Nos conocimos el 2013 por un chat. Claramente la tecnología en estos tiempos se hace presente en todo. Era un chat aleatorio, salían muchas fotos abajo de personas, y vi la foto que él tenía, de un cantante que me gusta desde hace ya bastantes años. Pinché su chat y comenzamos a hablar sobre bastantes cosas, música, de donde éramos, lo típico. Yo le mandé una foto mía, hoy él me revela que me encontró extremadamente linda, a pesar de que era bastante más joven que ahora, y esa foto no me gusta para nada.

Nos agregamos a facebook, yo sin haber visto su cara ni nada, empecé a sentir una gran atracción por él. La verdad es que su cara en ese momento no me importaba mucho, nunca me quise fijar en su físico porque era lo menos importante, estaba en frente de alguien que de verdad me gustaba. Él era raro, era distinto, me gustaba su forma de ser, parecida a la mía, sabía que escondía más cosas detrás, pero quise que él las sacara por si solo. Pasó el tiempo y de un momento a otro se fue. Se fue sin yo saber nada más de él, le pregunté por twitter por qué había cerrado su facebook, me importaba, y me respondió que volvería a abrirlo, fue lo último que supe de él el año 2013. Ese año siguió su curso normal, no me adentraré en detalles de mi vida personal porque estoy contando mi historia de amor, lo que sí, es que de vez en cuando recordaba nuestras conversaciones, todo lo que hablábamos.

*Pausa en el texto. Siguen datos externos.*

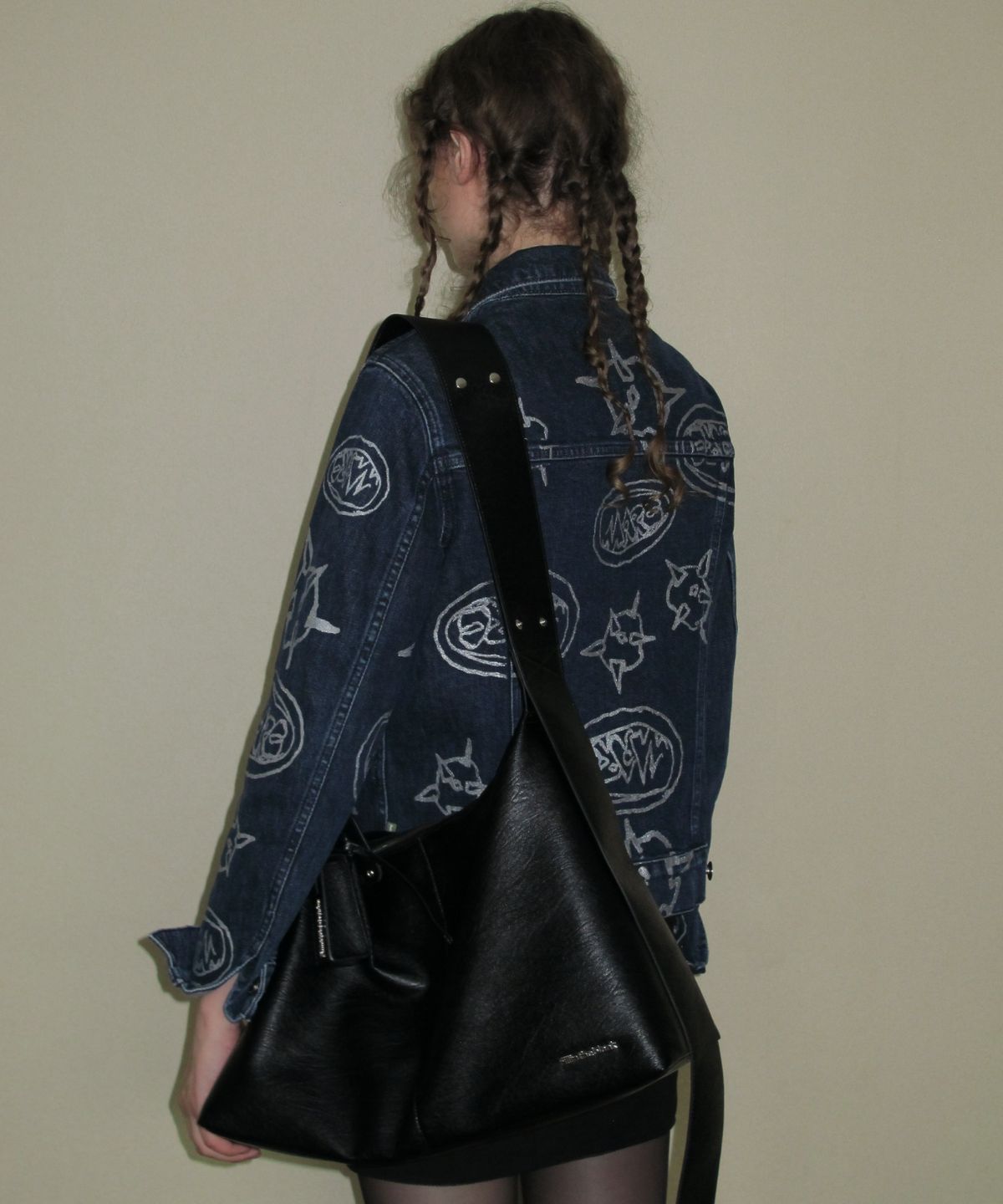 필인더블랭크(FILLINTHEBLANK) [FITB X 다샤] D. Wide Strap Bag (black)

Por fin terminaba el 2013, y en año nuevo, para pasar a mi queridisimo año 2014, veo en mi carpeta de “otros” en facebook un mensaje de él, quise ser indiferente porque estaba sorprendida, pero en realidad toda la emoción me llenó, sabiendo que podría haber una continuación. En el mensaje me había escrito que me extrañaba y si me acordaba de él. Hablamos ya de una manera más madura, yo había crecido, no era la niña chica del año pasado, cuando recién comenzábamos a hablar, era más inteligente.

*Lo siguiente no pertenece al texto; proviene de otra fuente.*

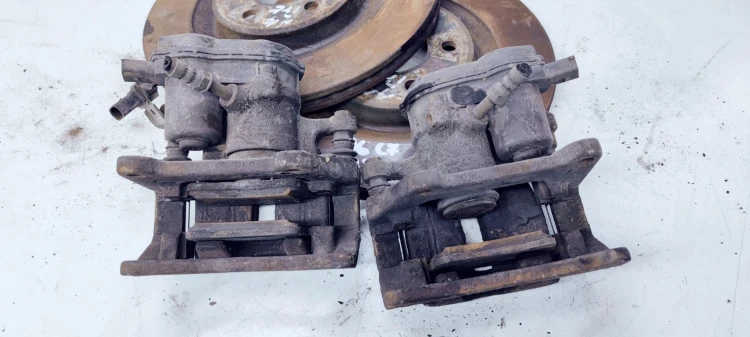 ZACISK HAMULCOWY TYŁ KOMPLET AUDI A6 C7 A7 330 MM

Desde el primero de enero pasaron muchas cosas, malas y buenas, de las que no me arrepiento pero que jamás volvería a hacer. Él también cometió sus errores, los dos fuimos víctimas del compromiso, nuestra primera vez sintiendo amor. Le dije que lo amaba en un momento muy malo, porque de verdad lo sentía, sentía que tenía que protegerlo, que no quería que se fuera de nuevo, que lo necesitaba y que simplemente lo amaba, y yo aún sin conocer su cara. Después de mucho tiempo, en mayo por fin veo una foto de él, era precioso, sus ojos cafés, su nariz incomparablemente hermosa y su pelo, justo como a mi me gustan, yo sabía que iba a ser así de lindo, pero el físico como dije antes, no me importaba. Él me dijo también que le gusté por eso, porque nunca me importó su físico, porque a pesar de haberle dicho te amo y todo eso, seguía ahí, después de todo.

Después de mayo, que también fue un mes difícil para los dos, en junio, nos juntamos por primera vez. Creo que no lo dije, pero él es de otra ciudad, no es de tan lejos, pero si tiene que viajar una hora y media para verme, lo bueno es que se puede quedar en mi casa. Bueno, la cosa es que nos juntamos, ese día era cuando comenzaba el invierno, hacía un frío espeluznante pero yo seguía ahí, esperando en el metro con los nervios de punta, llegó tarde porque su bus se atrasó, pero eso daba lo mismo. Entré al metro (mientras escribo me estoy poniendo muy nerviosa), le mandaba mensajes para saber dónde estaba y una amiga también.

En un momento, miraba a mi celular, subí la vista y ahí estaba, alto, flaco, blanquito, con sus ojitos negros, tan lindo, sabía que era él, se acercó y nos abrazamos. Ese abrazo, no fue de “por fin nos conocemos”, fue un abrazo de “hola, de nuevo”. Yo sabía que lo conocía, pero jamás lo había visto, fue un reencuentro. Pasamos el día en una plaza de mi comuna, yo como siempre muy tímida, nos abrazábamos y nos decíamos cosas lindas. En un momento, como a las 6 de la tarde, él me dice “oye… antes de que se me olvide” y yo le digo “¿qué?” y me dice “ah… me cuesta, jamás había hecho esto” y yo le digo “mírame a los ojos y dime” y yo me dice “¿quieres pololear conmigo?” y yo le digo “como que… sí”. Le quería decir otra cosa, pero me arrepentí. Después de ese si, nos dimos un beso, el primero de mi vida, y fue muy tierno y sencillo, fue bonito. Desde ese día ha pasado un año y 16 días, seguimos juntos, a distancia pero nunca distanciados. No me arrepiento.